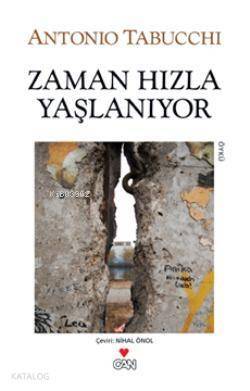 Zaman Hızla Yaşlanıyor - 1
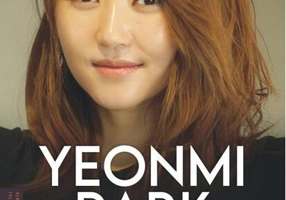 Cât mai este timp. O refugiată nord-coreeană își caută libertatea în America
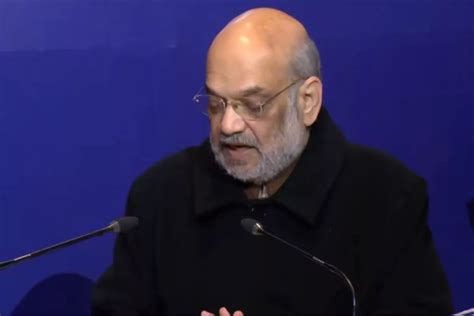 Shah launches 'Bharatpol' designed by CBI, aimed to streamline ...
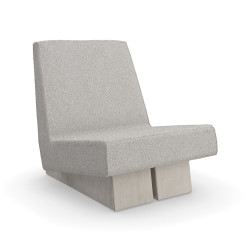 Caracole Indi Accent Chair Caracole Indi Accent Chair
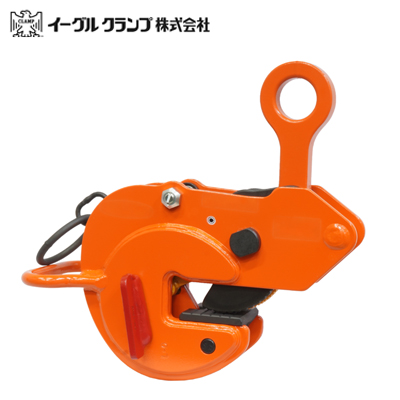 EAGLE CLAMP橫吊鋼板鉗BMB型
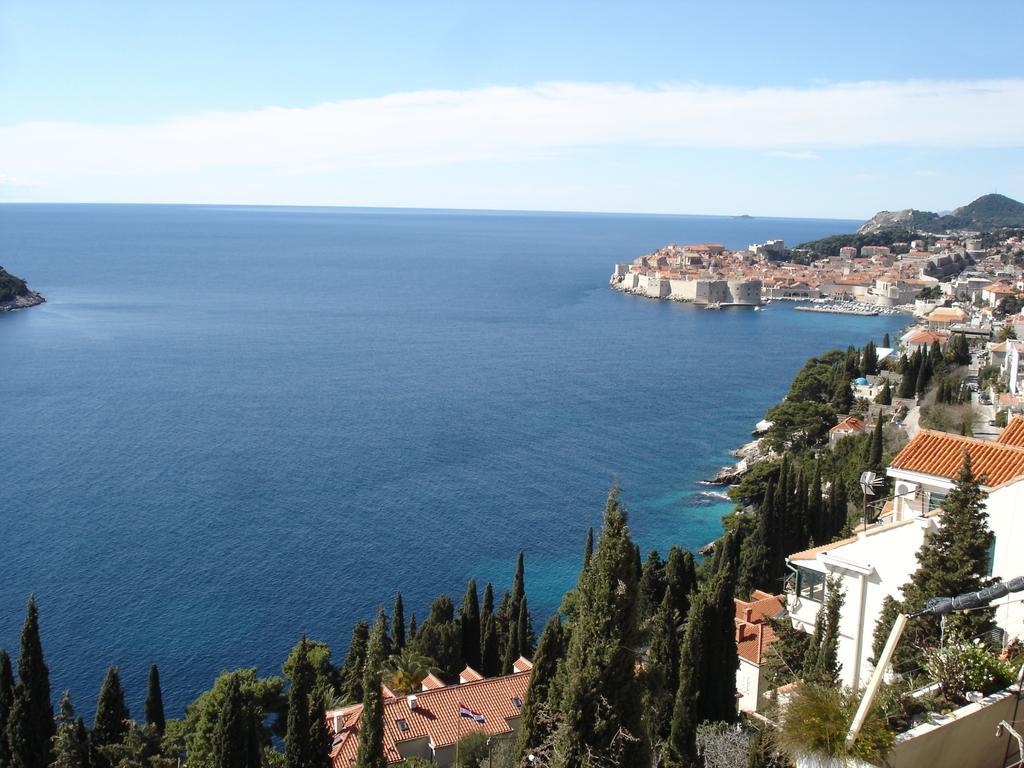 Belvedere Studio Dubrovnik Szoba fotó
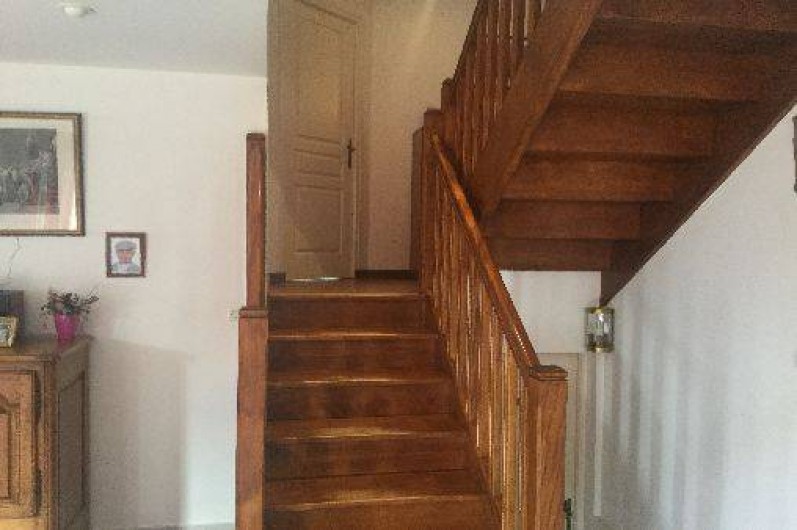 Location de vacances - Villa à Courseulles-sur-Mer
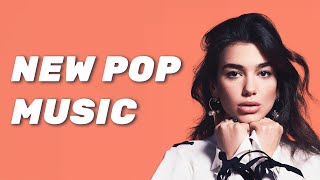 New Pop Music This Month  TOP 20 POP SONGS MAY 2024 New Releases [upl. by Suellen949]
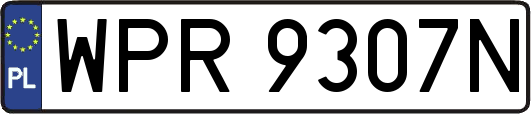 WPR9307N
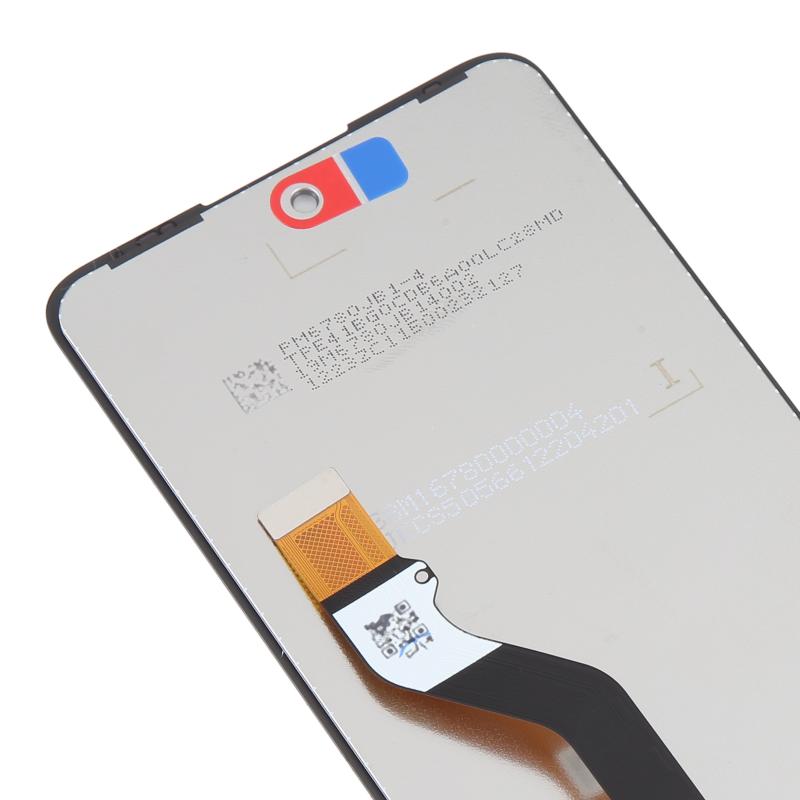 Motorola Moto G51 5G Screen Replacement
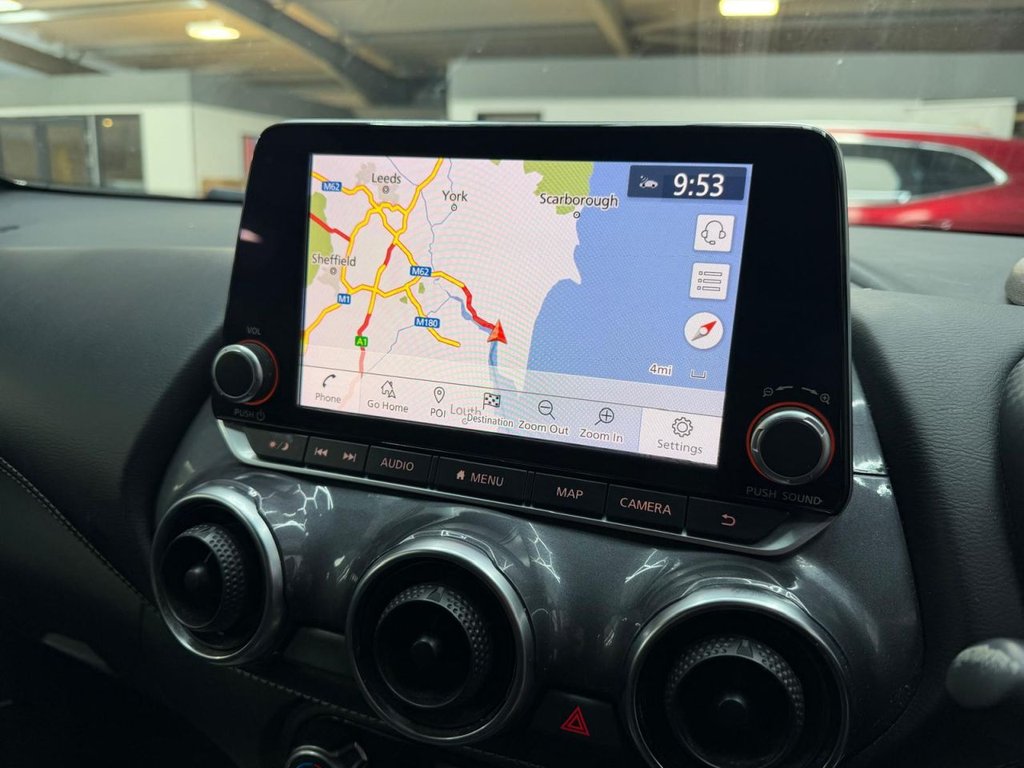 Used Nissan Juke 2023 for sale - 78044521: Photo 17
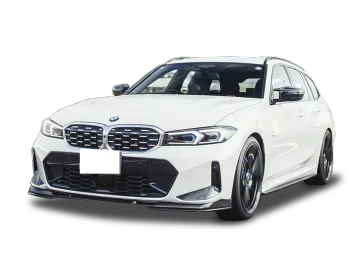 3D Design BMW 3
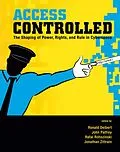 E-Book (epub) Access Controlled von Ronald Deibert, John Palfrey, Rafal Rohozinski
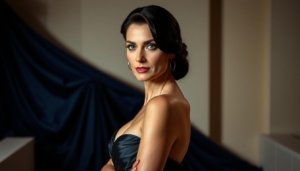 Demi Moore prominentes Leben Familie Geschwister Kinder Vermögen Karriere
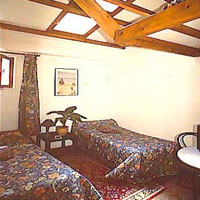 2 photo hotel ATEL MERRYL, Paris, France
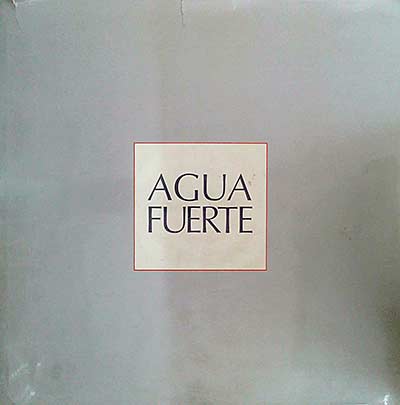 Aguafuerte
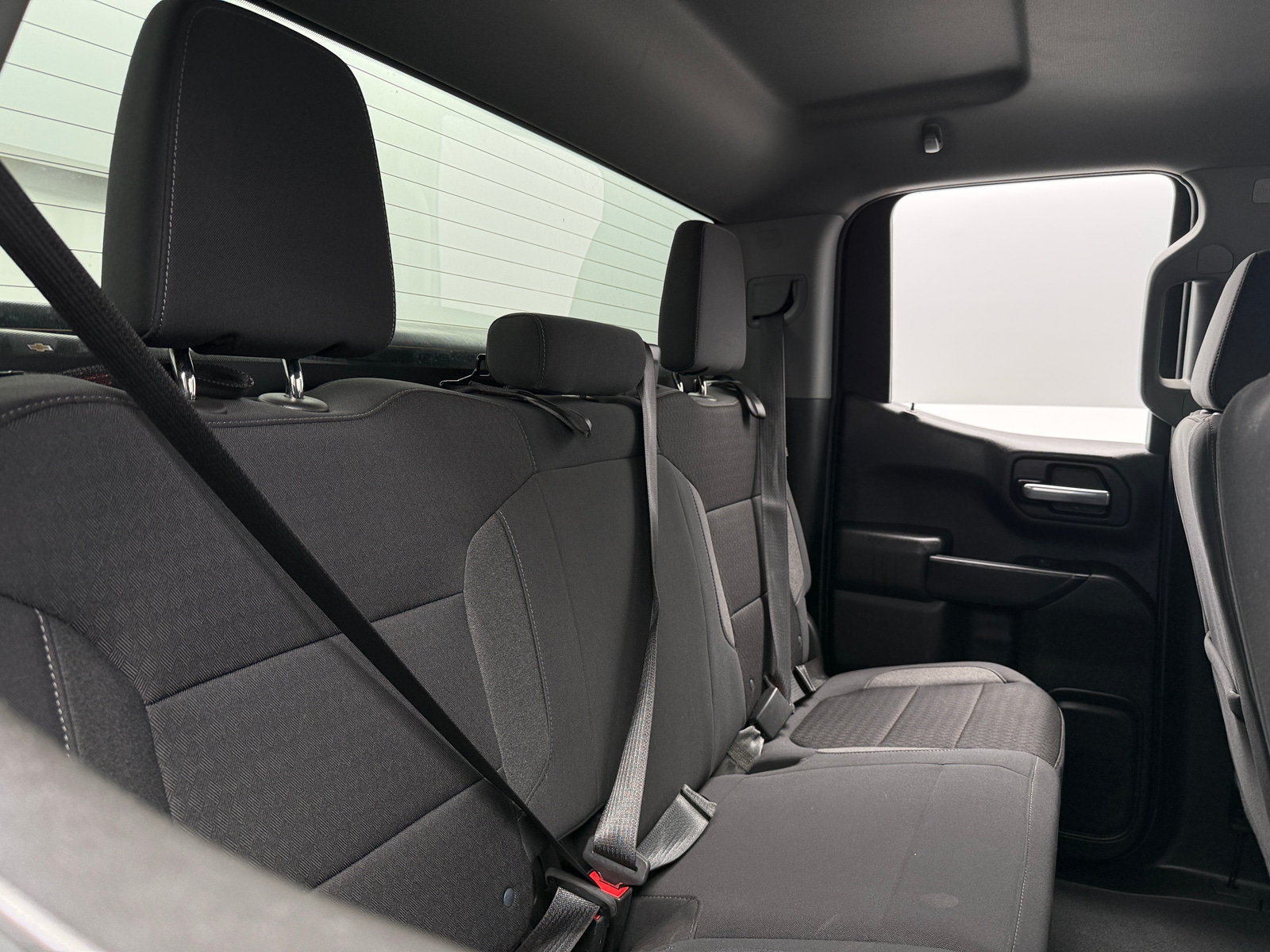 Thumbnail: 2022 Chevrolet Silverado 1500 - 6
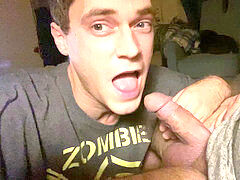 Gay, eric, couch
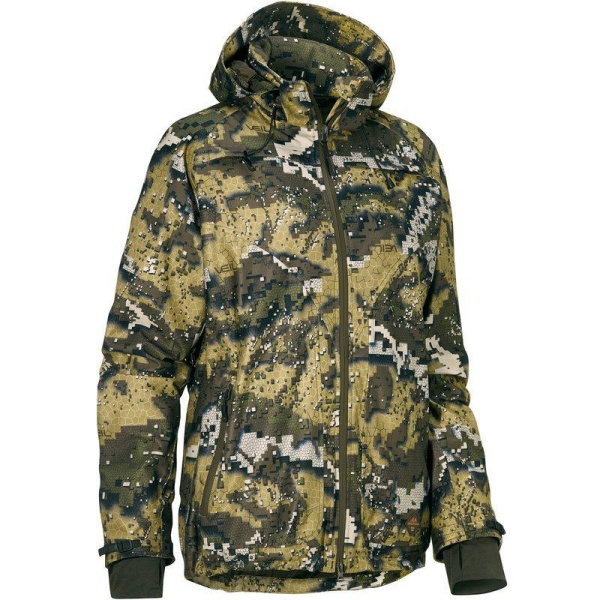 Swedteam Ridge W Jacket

################

▶ [Task brief]:
A verbatim copy is needed of the lines running from the line with "3D Design BMW 3" to the end of the data above, both included. Keep the pictures out of it.

▶ [Result for this exercise]:
 3D Design BMW 3
 E-Book (epub) Access Controlled von Ronald Deibert, John Palfrey, Rafal Rohozinski
 Demi Moore prominentes Leben Familie Geschwister Kinder Vermögen Karriere
 2 photo hotel ATEL MERRYL, Paris, France
 Aguafuerte
 Thumbnail: 2022 Chevrolet Silverado 1500 - 6
 Gay, eric, couch
 Swedteam Ridge W Jacket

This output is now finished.